→ **Exercise requirements**:
In the entries that follow, find each line with the word "Print" and copy it.
★ ★ ★
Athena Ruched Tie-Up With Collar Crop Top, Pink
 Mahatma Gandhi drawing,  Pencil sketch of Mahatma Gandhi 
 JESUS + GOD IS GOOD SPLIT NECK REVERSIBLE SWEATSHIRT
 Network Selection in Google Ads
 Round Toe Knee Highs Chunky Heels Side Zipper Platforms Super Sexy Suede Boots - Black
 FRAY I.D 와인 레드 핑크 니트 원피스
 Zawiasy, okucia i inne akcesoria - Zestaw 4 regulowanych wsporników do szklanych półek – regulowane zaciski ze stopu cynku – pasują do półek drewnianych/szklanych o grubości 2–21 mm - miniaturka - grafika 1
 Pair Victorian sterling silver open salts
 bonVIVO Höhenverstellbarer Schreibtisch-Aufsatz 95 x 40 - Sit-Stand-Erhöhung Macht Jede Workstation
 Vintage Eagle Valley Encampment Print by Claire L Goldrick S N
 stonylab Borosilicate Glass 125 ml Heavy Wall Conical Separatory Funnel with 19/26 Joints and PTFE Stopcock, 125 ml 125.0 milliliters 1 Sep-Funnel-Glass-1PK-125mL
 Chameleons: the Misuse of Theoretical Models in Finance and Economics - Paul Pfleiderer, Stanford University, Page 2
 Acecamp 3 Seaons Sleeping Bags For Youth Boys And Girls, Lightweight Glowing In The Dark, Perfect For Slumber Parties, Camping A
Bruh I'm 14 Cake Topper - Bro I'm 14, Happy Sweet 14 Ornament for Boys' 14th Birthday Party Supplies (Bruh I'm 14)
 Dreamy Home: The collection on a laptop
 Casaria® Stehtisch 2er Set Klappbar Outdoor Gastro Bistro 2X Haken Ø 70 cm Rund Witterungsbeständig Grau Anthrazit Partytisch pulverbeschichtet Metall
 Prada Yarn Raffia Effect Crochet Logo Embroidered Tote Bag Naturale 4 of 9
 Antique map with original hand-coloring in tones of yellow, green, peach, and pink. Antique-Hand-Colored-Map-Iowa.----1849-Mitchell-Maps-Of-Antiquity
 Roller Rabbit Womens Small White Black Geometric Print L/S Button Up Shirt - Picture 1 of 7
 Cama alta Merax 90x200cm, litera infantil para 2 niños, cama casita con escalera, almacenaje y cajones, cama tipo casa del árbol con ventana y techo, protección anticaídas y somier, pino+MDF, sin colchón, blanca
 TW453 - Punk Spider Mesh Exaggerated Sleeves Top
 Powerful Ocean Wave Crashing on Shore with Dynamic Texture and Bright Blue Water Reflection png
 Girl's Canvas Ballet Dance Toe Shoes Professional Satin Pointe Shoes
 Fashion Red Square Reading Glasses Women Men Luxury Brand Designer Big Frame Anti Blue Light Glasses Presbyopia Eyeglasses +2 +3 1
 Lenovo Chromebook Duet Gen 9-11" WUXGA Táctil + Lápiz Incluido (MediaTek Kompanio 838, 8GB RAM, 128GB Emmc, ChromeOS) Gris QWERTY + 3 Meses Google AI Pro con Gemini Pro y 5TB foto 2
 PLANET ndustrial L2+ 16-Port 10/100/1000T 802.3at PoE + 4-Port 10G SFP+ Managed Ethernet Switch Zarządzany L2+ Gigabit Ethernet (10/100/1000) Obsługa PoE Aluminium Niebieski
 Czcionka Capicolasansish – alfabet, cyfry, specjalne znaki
★ ★ ★
→ **Exercise answer**:
 Vintage Eagle Valley Encampment Print by Claire L Goldrick S N
 Roller Rabbit Womens Small White Black Geometric Print L/S Button Up Shirt - Picture 1 of 7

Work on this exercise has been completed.